WHAT NEEDS TO BE DONE: Your answer should be the lines from the start of the records through the line with "Кроссовки блейзер средний", copied word for word.

═══ GIVEN ENTRIES

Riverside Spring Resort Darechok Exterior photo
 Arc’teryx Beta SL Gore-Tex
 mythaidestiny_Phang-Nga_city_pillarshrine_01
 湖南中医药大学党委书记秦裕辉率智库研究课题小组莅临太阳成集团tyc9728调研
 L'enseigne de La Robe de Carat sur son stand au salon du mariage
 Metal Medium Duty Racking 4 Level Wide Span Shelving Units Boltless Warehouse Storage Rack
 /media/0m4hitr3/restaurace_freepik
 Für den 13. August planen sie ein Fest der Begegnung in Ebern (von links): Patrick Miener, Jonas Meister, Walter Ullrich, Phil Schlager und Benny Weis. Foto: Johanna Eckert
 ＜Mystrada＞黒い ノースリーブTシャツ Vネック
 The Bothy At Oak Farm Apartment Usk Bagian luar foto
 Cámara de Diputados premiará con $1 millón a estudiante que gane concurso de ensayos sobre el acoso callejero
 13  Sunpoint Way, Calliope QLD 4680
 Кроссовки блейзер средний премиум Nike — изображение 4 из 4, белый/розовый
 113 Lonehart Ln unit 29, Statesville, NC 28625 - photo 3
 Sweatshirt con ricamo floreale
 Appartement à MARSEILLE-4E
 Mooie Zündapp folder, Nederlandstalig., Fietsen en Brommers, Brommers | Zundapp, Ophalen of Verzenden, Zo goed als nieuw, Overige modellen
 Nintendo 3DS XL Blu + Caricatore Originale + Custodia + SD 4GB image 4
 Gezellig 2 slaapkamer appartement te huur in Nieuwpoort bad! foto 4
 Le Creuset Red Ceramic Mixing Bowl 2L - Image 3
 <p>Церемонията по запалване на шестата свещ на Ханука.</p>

══════

OUTPUT OF THE EXERCISE:
Riverside Spring Resort Darechok Exterior photo
 Arc’teryx Beta SL Gore-Tex
 mythaidestiny_Phang-Nga_city_pillarshrine_01
 湖南中医药大学党委书记秦裕辉率智库研究课题小组莅临太阳成集团tyc9728调研
 L'enseigne de La Robe de Carat sur son stand au salon du mariage
 Metal Medium Duty Racking 4 Level Wide Span Shelving Units Boltless Warehouse Storage Rack
 /media/0m4hitr3/restaurace_freepik
 Für den 13. August planen sie ein Fest der Begegnung in Ebern (von links): Patrick Miener, Jonas Meister, Walter Ullrich, Phil Schlager und Benny Weis. Foto: Johanna Eckert
 ＜Mystrada＞黒い ノースリーブTシャツ Vネック
 The Bothy At Oak Farm Apartment Usk Bagian luar foto
 Cámara de Diputados premiará con $1 millón a estudiante que gane concurso de ensayos sobre el acoso callejero
 13  Sunpoint Way, Calliope QLD 4680
 Кроссовки блейзер средний премиум Nike — изображение 4 из 4, белый/розовый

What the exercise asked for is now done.